Problem to solve —
Give again, word for word, each line of the data from the first through the one containing "Overhead of three". Pictures stay out.

Segment Start: Exercise data

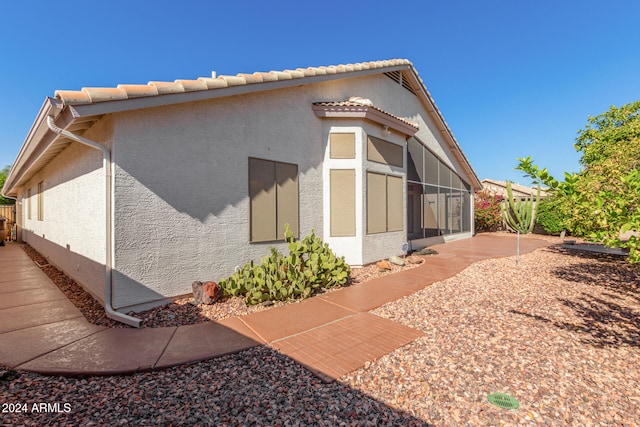 view of property exterior featuring a patio area and a sunroom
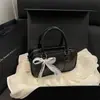 Moda Nueva Primavera/Verano 2026 Encaje Simple Versátil Elegante Lazo Un Hombro Cruzado de Hombro de Mano Bolso de Bolos Cruzado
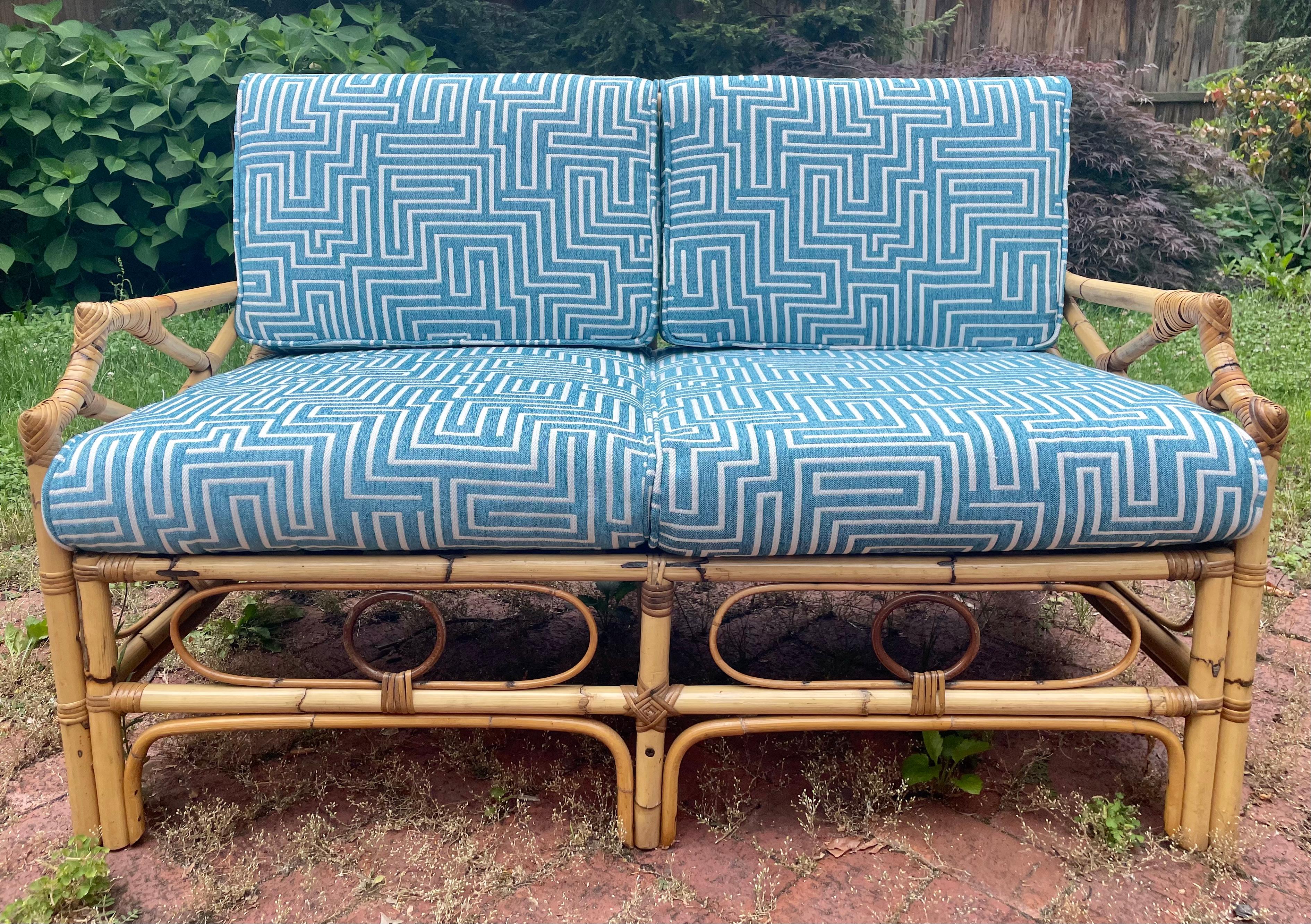 This vintage rattan set features the original finish with fresh decking on the underside and brand new designer upholstery! This listing is for the sofa specifically.

Sofa
W 47” x D 24” x H 30.5”

Lounge chairs x2
W 24” X D 24.5” x H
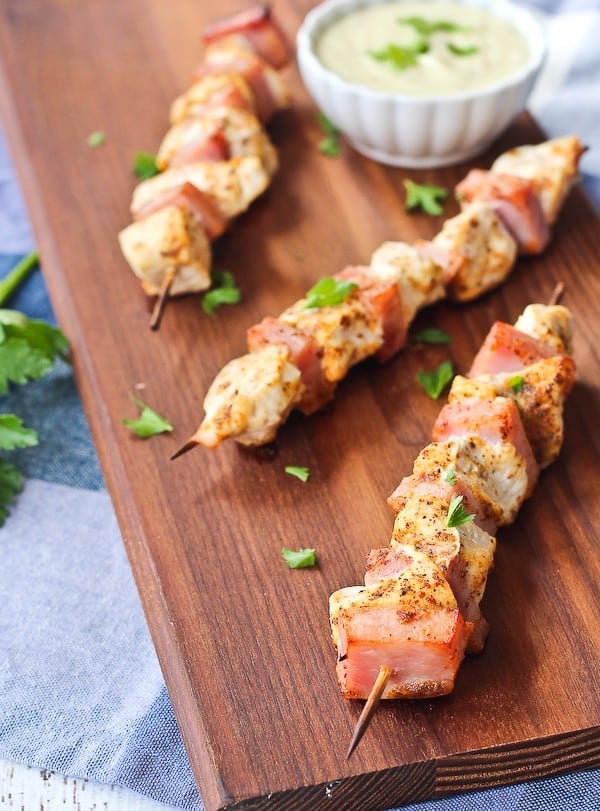 Overhead of three kabobs on wooden cutting board with sauce in small white bowl.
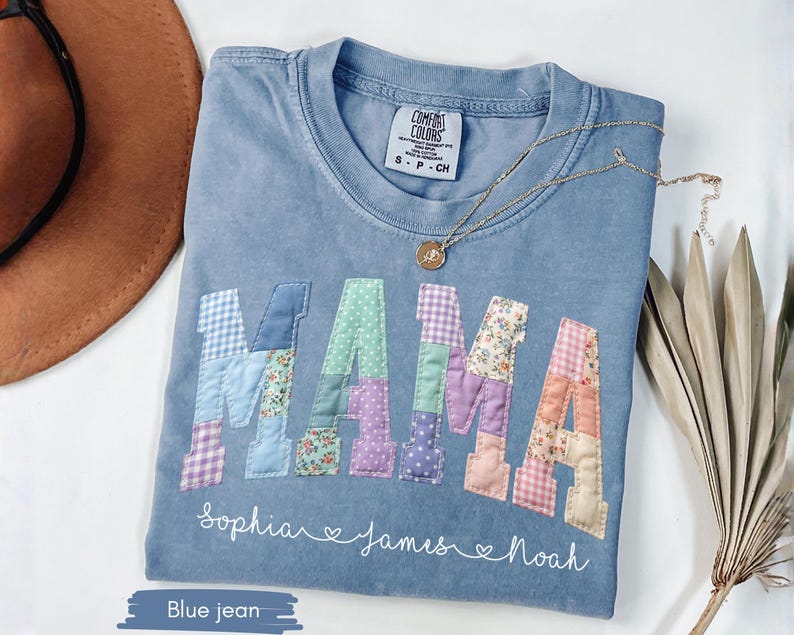 Puede incluir: Camiseta Comfort Colors azul vaquero con la palabra "MAMA" en letras de patchwork. Los nombres "Sophia", "James" y "Noah" est&aacute;n escritos debajo. Un collar de oro est&aacute; sobre la camiseta.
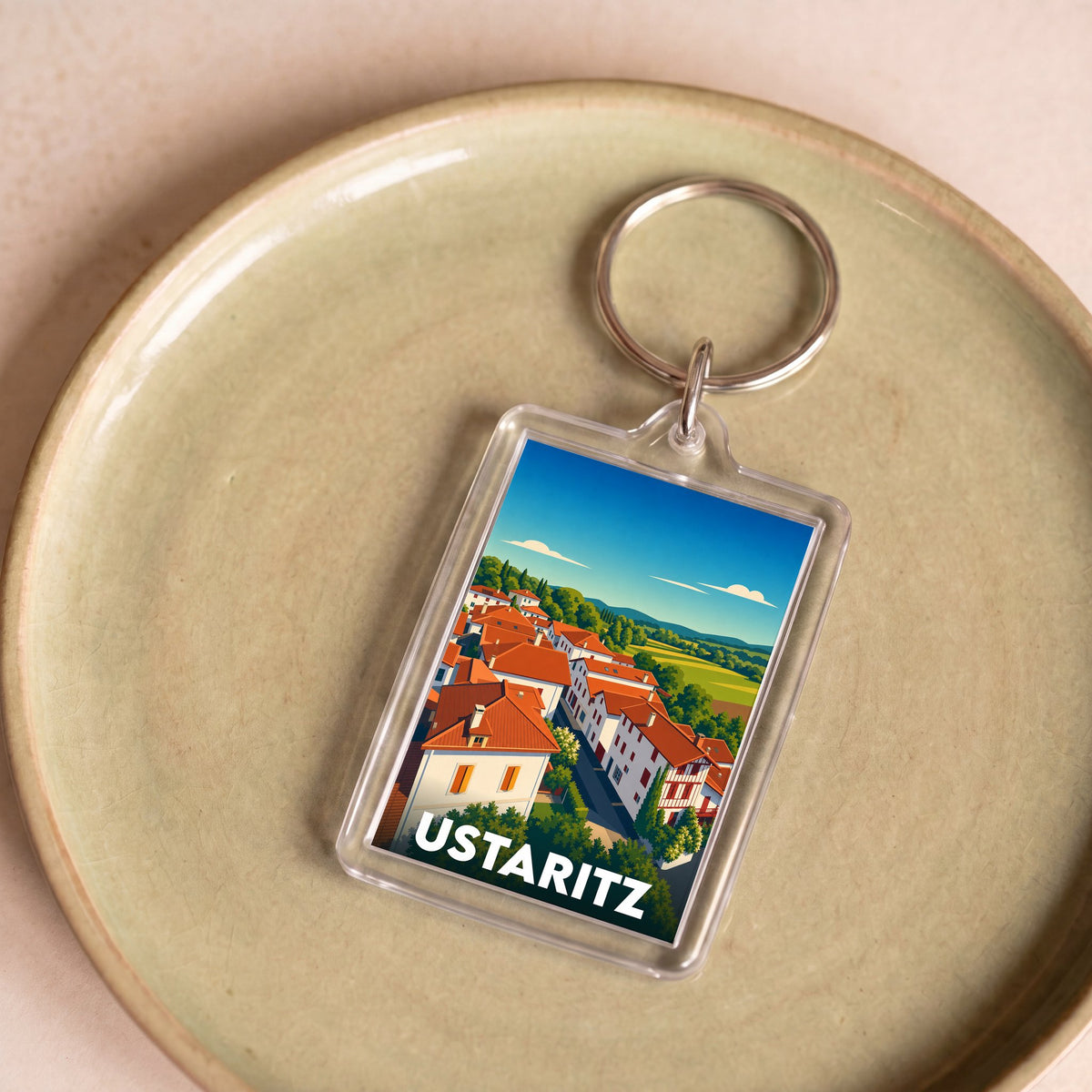 Porte-clés souvenir de la ville d'Ustaritz avec une illustration stylisée de ses maisons basques.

Segment End: Exercise data

Response —
 view of property exterior featuring a patio area and a sunroom
 Moda Nueva Primavera/Verano 2026 Encaje Simple Versátil Elegante Lazo Un Hombro Cruzado de Hombro de Mano Bolso de Bolos Cruzado
 This vintage rattan set features the original finish with fresh decking on the underside and brand new designer upholstery! This listing is for the sofa specifically.

Sofa
W 47” x D 24” x H 30.5”

Lounge chairs x2
W 24” X D 24.5” x H
 Overhead of three kabobs on wooden cutting board with sauce in small white bowl.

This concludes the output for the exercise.